Rushden boy with rare condition gets inspiration from disabled racing team at Silverstone

Jack Embleton, Ollie Embleton and Sean Rose
Jack Embleton, Ollie Embleton and Sean Rose

A Rushden boy whose rare condition has made him dependent on a wheelchair has been inspired after a meeting a racing team made up of disabled drivers.

Ten-year-old Ollie Embleton was treated to a VIP visit to Silverstone where he met members of Team BRIT, a squad of disabled drivers aiming to be the first ever all-disabled team to compete in the Le Mans 24-hour race.

The Higham Ferrers Junior School pupil has Duchenne Muscular Dystrophy, a life-limiting genetic condition that causes Ollie's muscles to waste, gradually limiting his mobility.

He was diagnosed with the condition when he was four and for the past year he has become more dependent on his wheelchair.

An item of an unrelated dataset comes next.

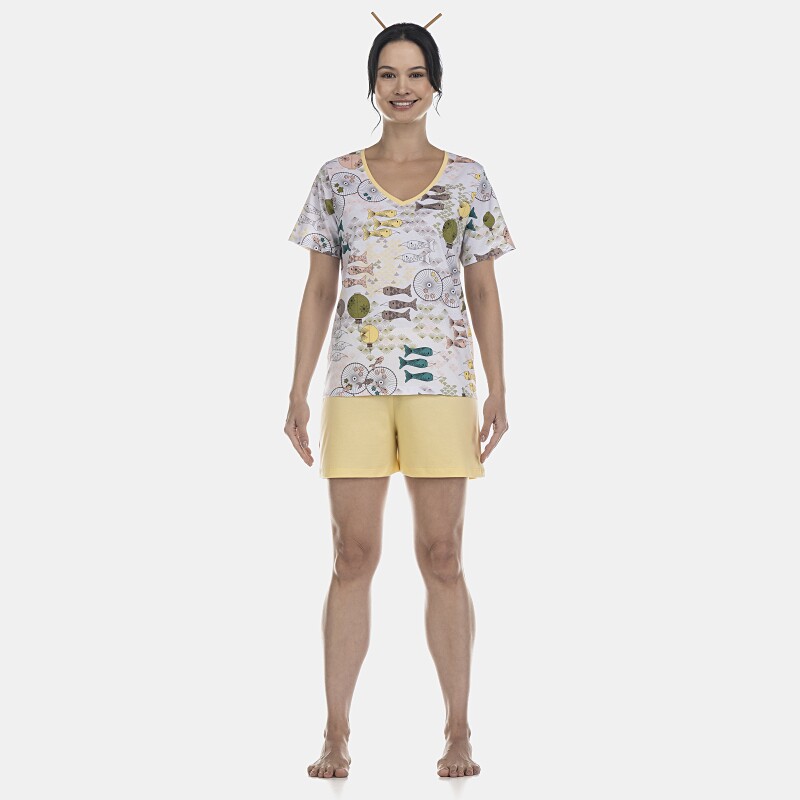 Pijama Feminino Adulto Manga Curta Decote V e Short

Ollie’s mum Julie said: "It was great to meet Team BRIT and hear all about what they’re trying to achieve.

"We always make sure we focus on what Ollie can do, not what he can’t, and meeting the drivers was a real reflection of this.

"We work to show him that you can still do things, regardless of disability, and the fact that these guys are breaking boundaries and racing against able-bodied drivers shows him that nowadays disability doesn’t have to hold you back."

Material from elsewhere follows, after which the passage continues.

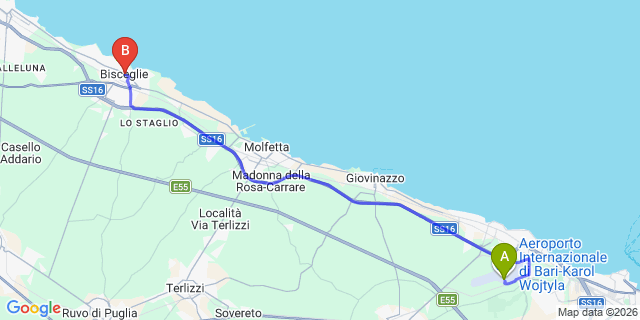 Map: Bari Airport (BRI) to Bisceglie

The son of Ollie's teacher, Luke Sheehan, had previously worked with Team BRIT and was moved by the 10-year-old's story.

Luke told Ollie all about his disabled friends in the racing team who were achieving their dreams of becoming racing drivers.

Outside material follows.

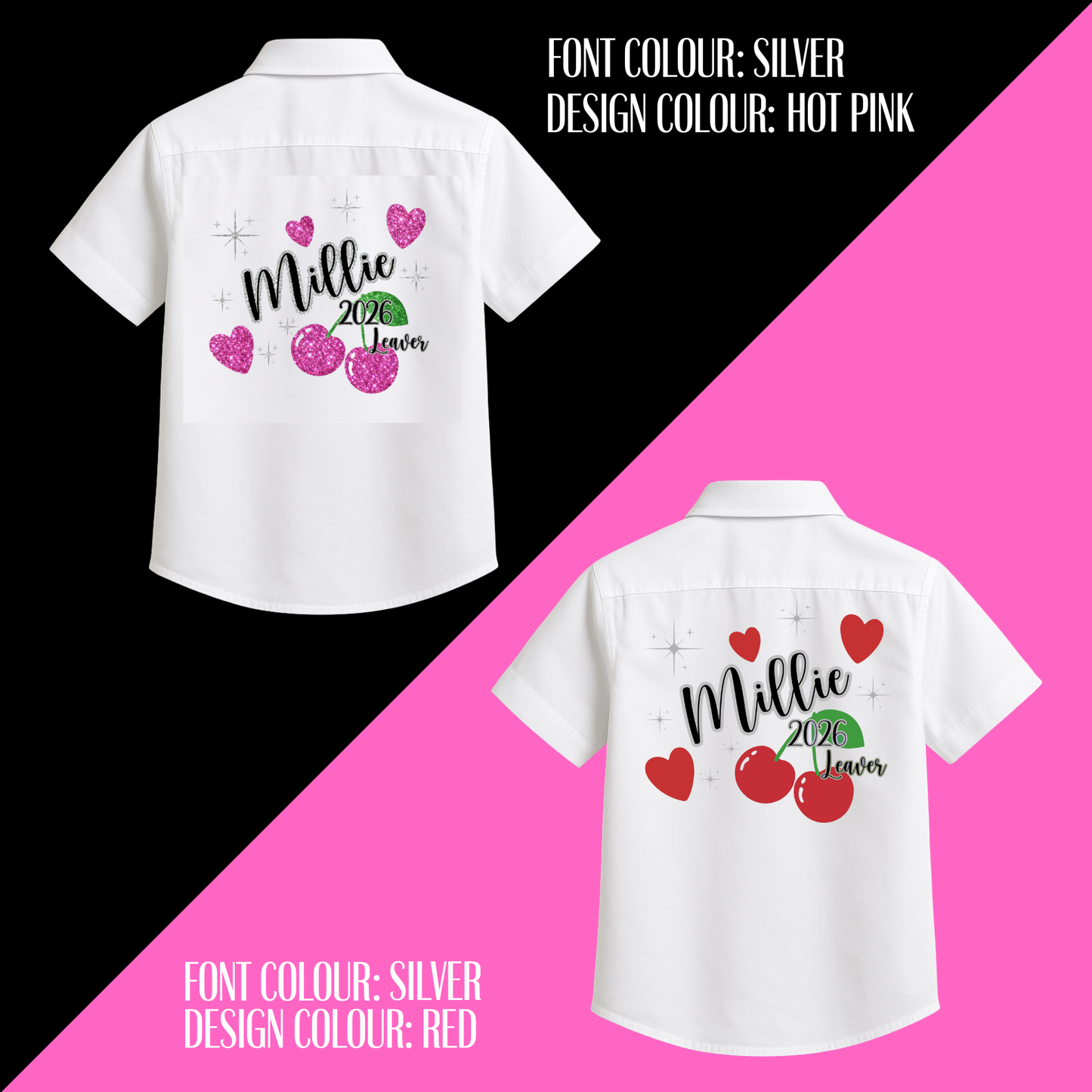Personalised School Leavers Shirt - Cherry Pop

Ollie was invited to Silverstone last week, where he met the team and saw their cars, some of which are used in Team BRIT's Race Academy, offering any disabled driver the chance to learn to race.

He also tested out his skills on their top of the range race simulator.

Ollie and his family will return to Silverstone on March 30 to watch Team BRIT race in the Britcar Championship.